Ira made the best breakfasts; this morning it was syrniky, little fried cakes of curd cheese, with apricot jam.
“So what have we got to do today?” Masha asked, tucking in next to Gena.
“We’re going to the village,” said Granny. “Back to my old house to live.”
“To the village?” Masha stared. She hadn’t been there for a long time. A sudden picture popped into her mind of the dusty road winding through green, green fields, the little low whitewashed houses, the flocks of foolish, officious geese. Oh, how nice to be there, far from anywhere, where it was cool and quiet, and there was nothing to think about except climbing the hill or running down the valley to the river.
But what about Mama?
“We can’t go,” she said. “We need… I mean…” She stopped. It was so hard not to tell Granny about Mama. But she knew she couldn’t just disappear off to the countryside without telling her mother.
“What about your leg, Granny?” she asked instead. “How will we get there?”
“Ira is going to find someone to drive us.”
“How long will we stay?”
“We thought for the summer,” Ira said, and Masha suddenly remembered what she had said yesterday, that they had to leave. So Ira really was throwing them out.
“The old beekeeper is living in my house,” said Granny. “Do you remember him, Masha? There’s plenty of room for us too. Wouldn’t you like to be back there?”
Masha thought about the dim inside of Granny’s house with its hanging bunches of herbs and reeds. She thought about pouring hot wax into water, into the cold hard shapes of nightmares. The village was far, far away from Igor, from Icarus, from everything – and from Mama.

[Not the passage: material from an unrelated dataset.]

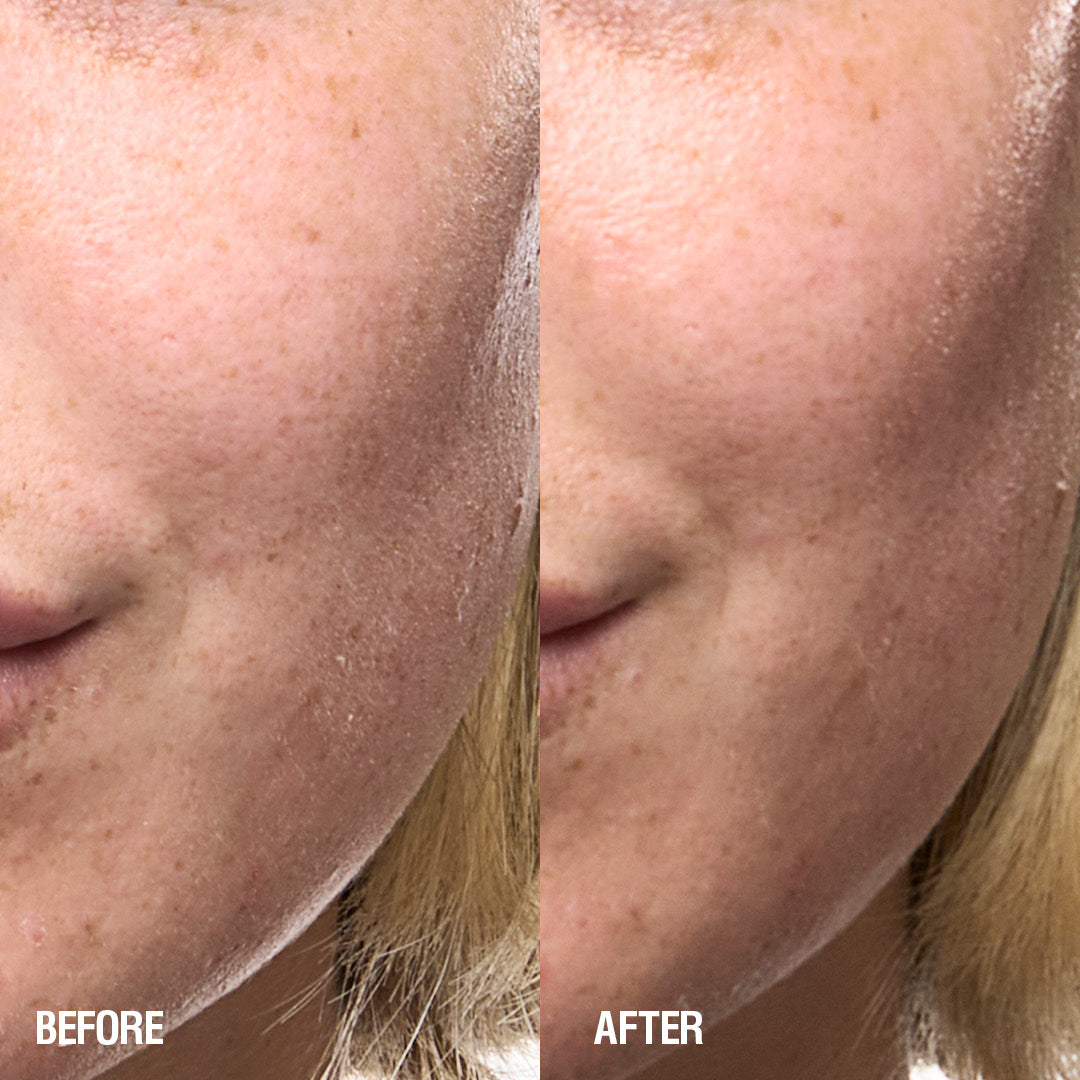 Grown Alchemist Skin Renewal Serum - Anti-Aging Face Serum with Hyaluronic Acid & Vitamin C for Hydration & Brightening - Perfect for Nighttime Skincare Routine & Daily Use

“Yes, I would,” she said slowly. “When are we going?”
“This afternoon, if we can find a driver.”
“Do we have to go so soon? There’s something I have to do here first. Can’t we go next week?”
“No. Today or tomorrow.” That was Ira. “I think it would be so much better for you in the village,” she went on, putting more cakes on Masha’s plate. “Don’t you?” She sounded pleading.
The village. A blaze of excited hope was kindling in Masha’s mind. “Who’s going? Will there be room in the car for me and Granny and – and one other person?”
“Who?” Ira asked. “Gena’s not going, if that’s what you mean.”
“No, just – it doesn’t matter. I’m only wondering. I mean, I’ll be able to stretch out and sleep, won’t I?”
“If you want.” Ira was still puzzled. “It’ll just be you and Granny, and the driver.”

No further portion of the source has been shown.